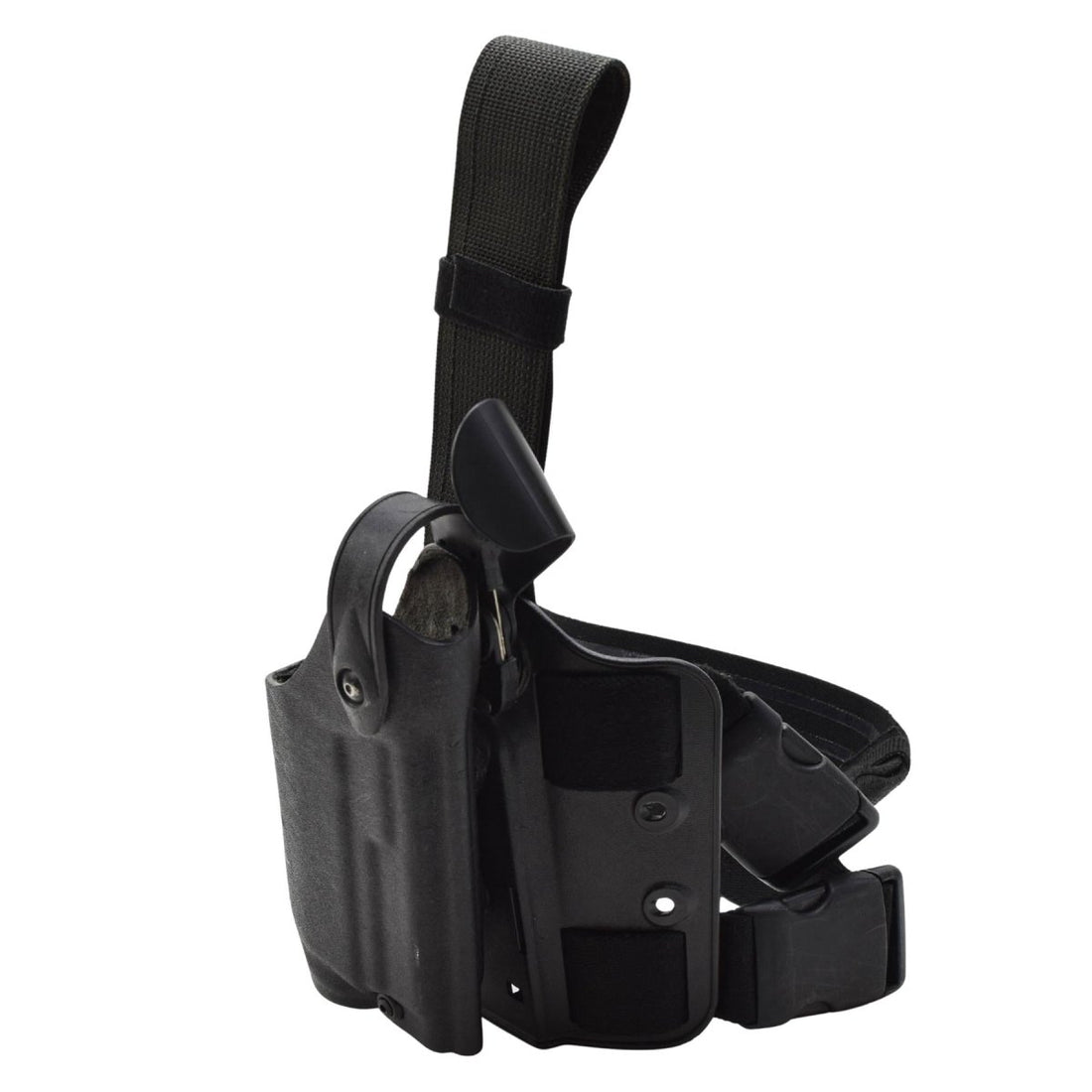 Original American Military Drop Leg Platform Hölster Quick Release Spännen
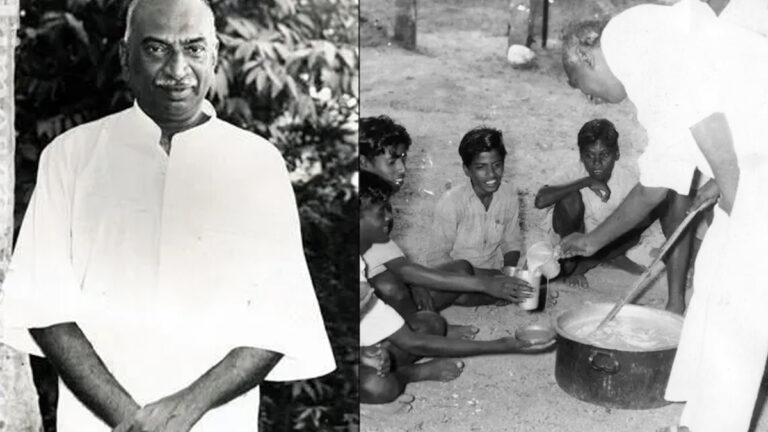 “சோறுபோட்டா பள்ளிக்கூடம் போவியா” : கல்வி கண் திறந்த காமராஜர் பிறந்த தினம் இன்று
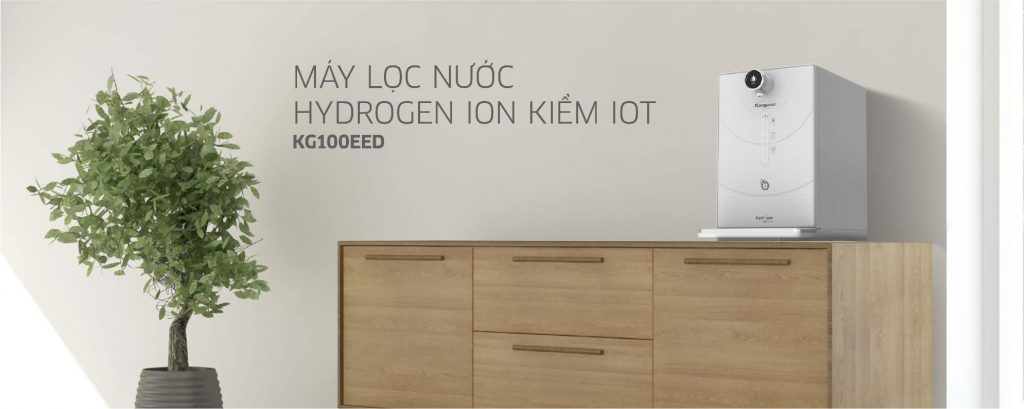 Chục nghìn người thức đêm mua máy lọc nước Kangaroo 0 đồng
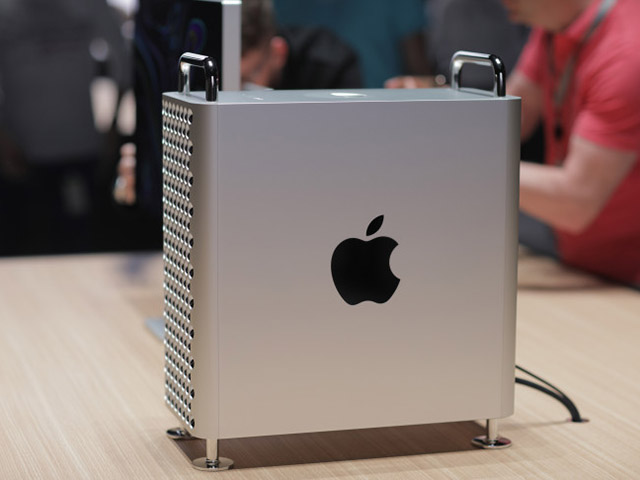 Muốn sở hữu Mac Pro mới siêu đắt, hãy chờ đến tháng 12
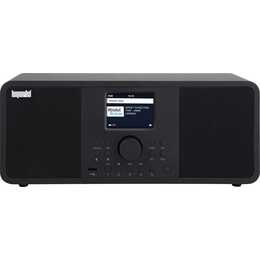 IMPERIAL DABMAN i205 Internetradio (Schwarz)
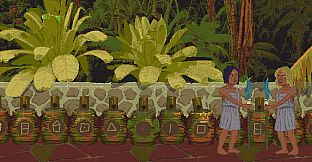 Golden Idol Mysteries: The Lemurian Vampire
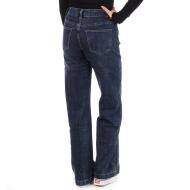 Jean Loose Bleu Femme Monday Premium 1807 XD vue 2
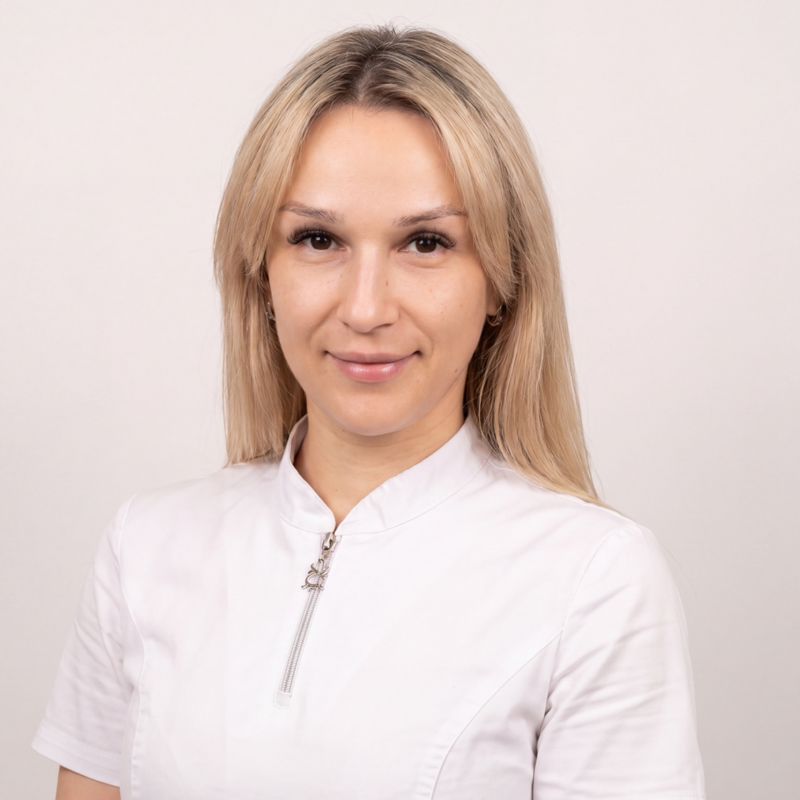 Бережная Александра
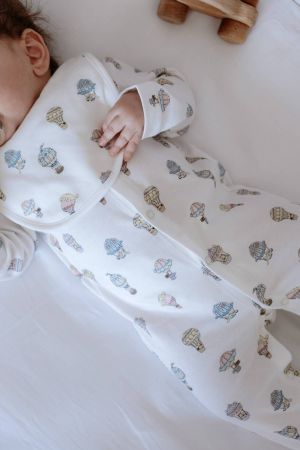 Atelıer Babbı Kapadokya Desenli Tulum - Thumbnail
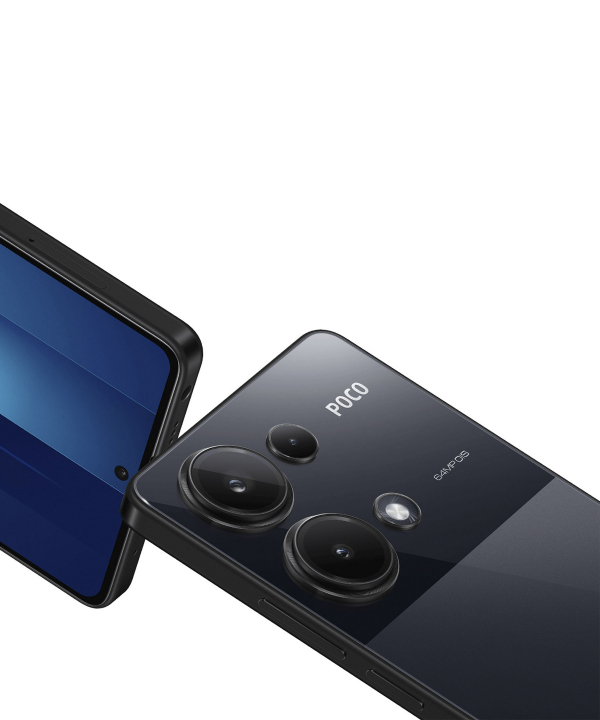 گوشی موبایل شیائومی مدل Poco M6 Pro دو سیمکارت با ظرفیت 256 گیگابایت و رم 8 گیگابایت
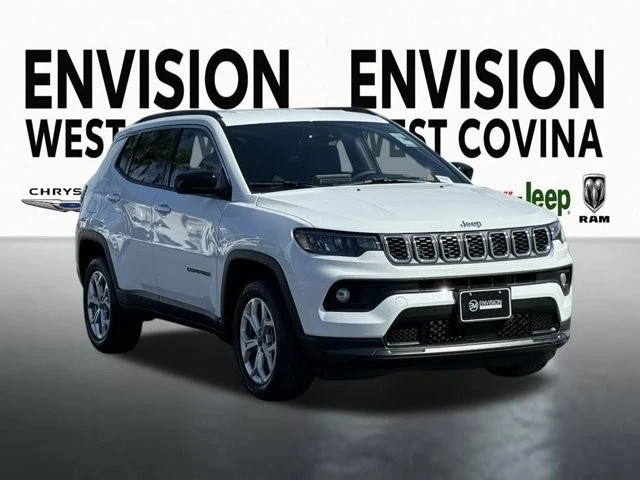 2025 Jeep Compass - Image 2 of 12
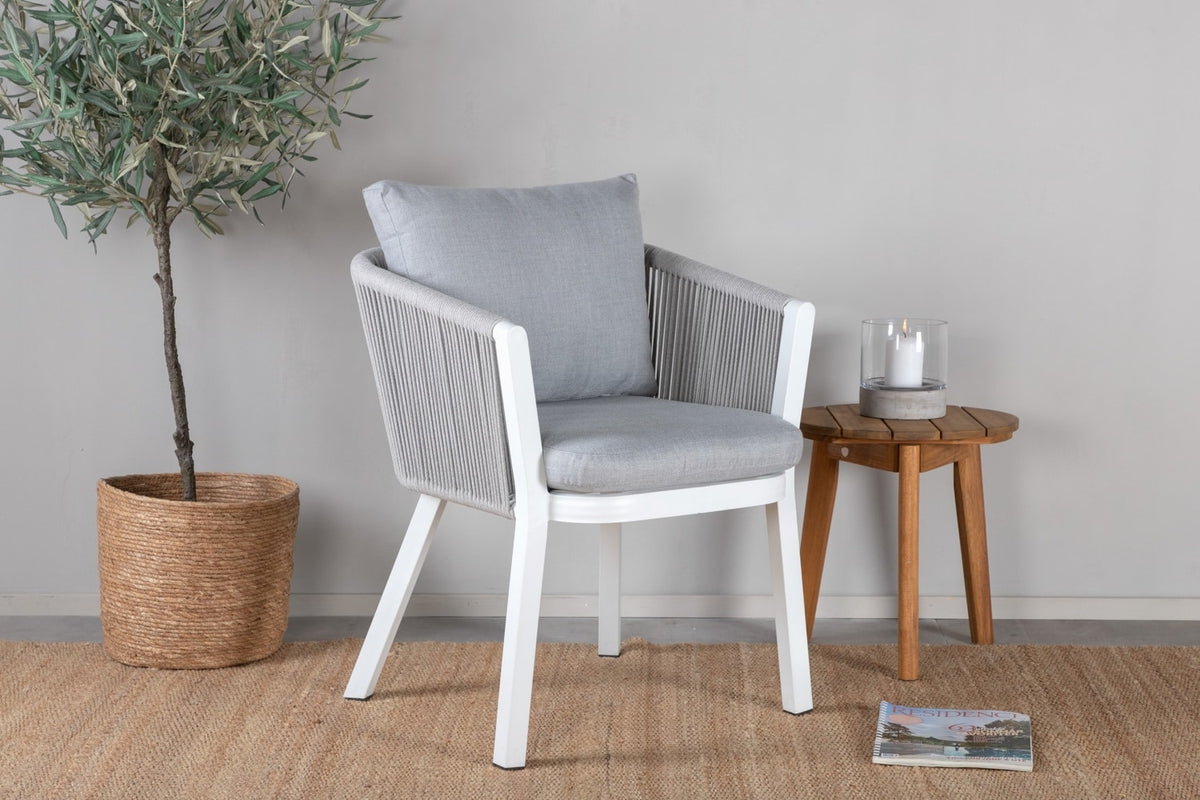 Dining Chair 2-pack Grey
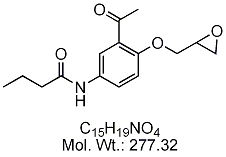 Acebutolol EP Impurity A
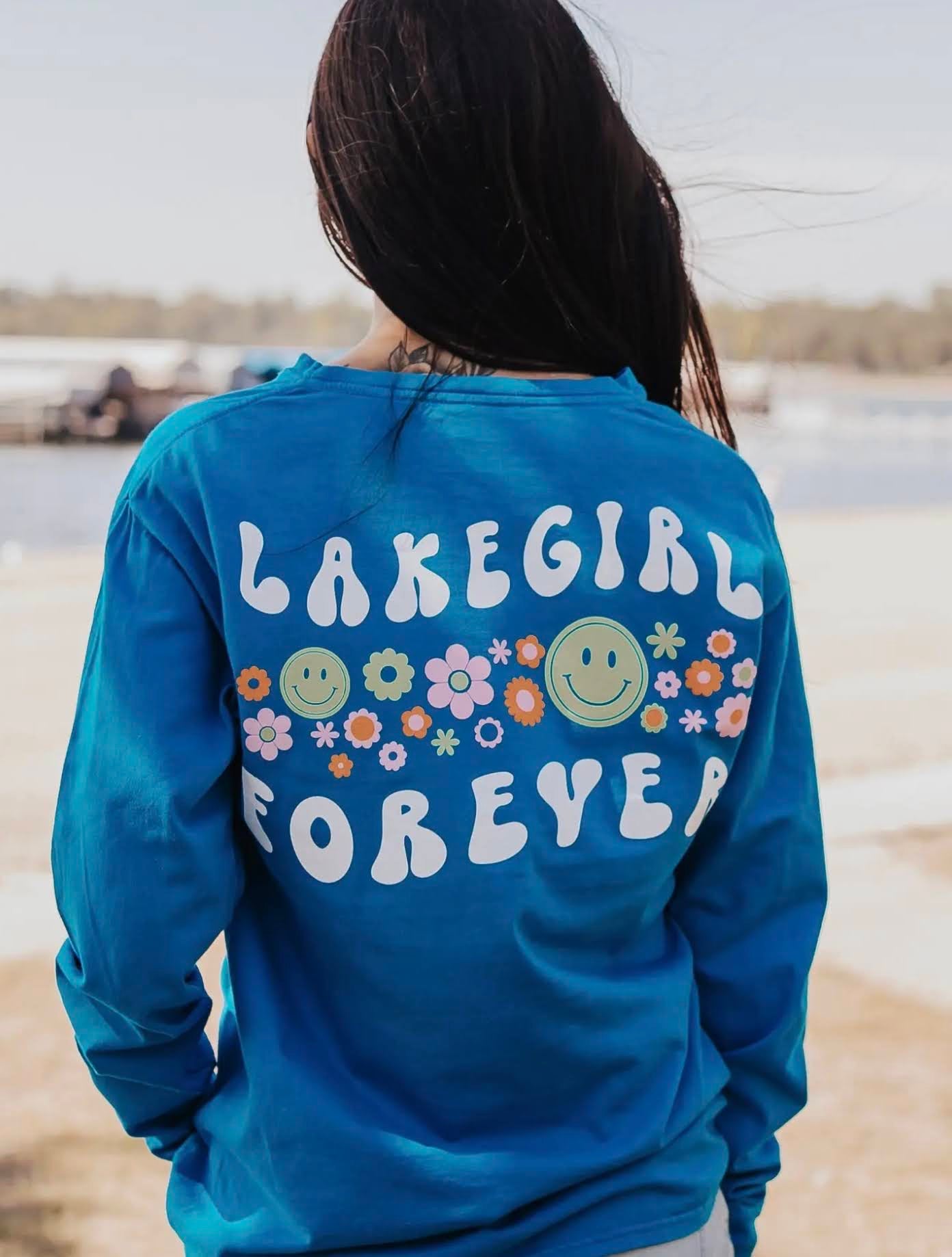 Lake Girl Forever Long Sleeve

########

### TASK REQUIREMENTS:
Leaving the images out, print the records above exactly.

### OUTPUT BELOW:
 Original American Military Drop Leg Platform Hölster Quick Release Spännen
 “சோறுபோட்டா பள்ளிக்கூடம் போவியா” : கல்வி கண் திறந்த காமராஜர் பிறந்த தினம் இன்று
 Chục nghìn người thức đêm mua máy lọc nước Kangaroo 0 đồng
 Muốn sở hữu Mac Pro mới siêu đắt, hãy chờ đến tháng 12
 IMPERIAL DABMAN i205 Internetradio (Schwarz)
 Golden Idol Mysteries: The Lemurian Vampire
 Jean Loose Bleu Femme Monday Premium 1807 XD vue 2
 Бережная Александра
 Atelıer Babbı Kapadokya Desenli Tulum - Thumbnail
 گوشی موبایل شیائومی مدل Poco M6 Pro دو سیمکارت با ظرفیت 256 گیگابایت و رم 8 گیگابایت
 2025 Jeep Compass - Image 2 of 12
 Dining Chair 2-pack Grey
 Acebutolol EP Impurity A
 Lake Girl Forever Long Sleeve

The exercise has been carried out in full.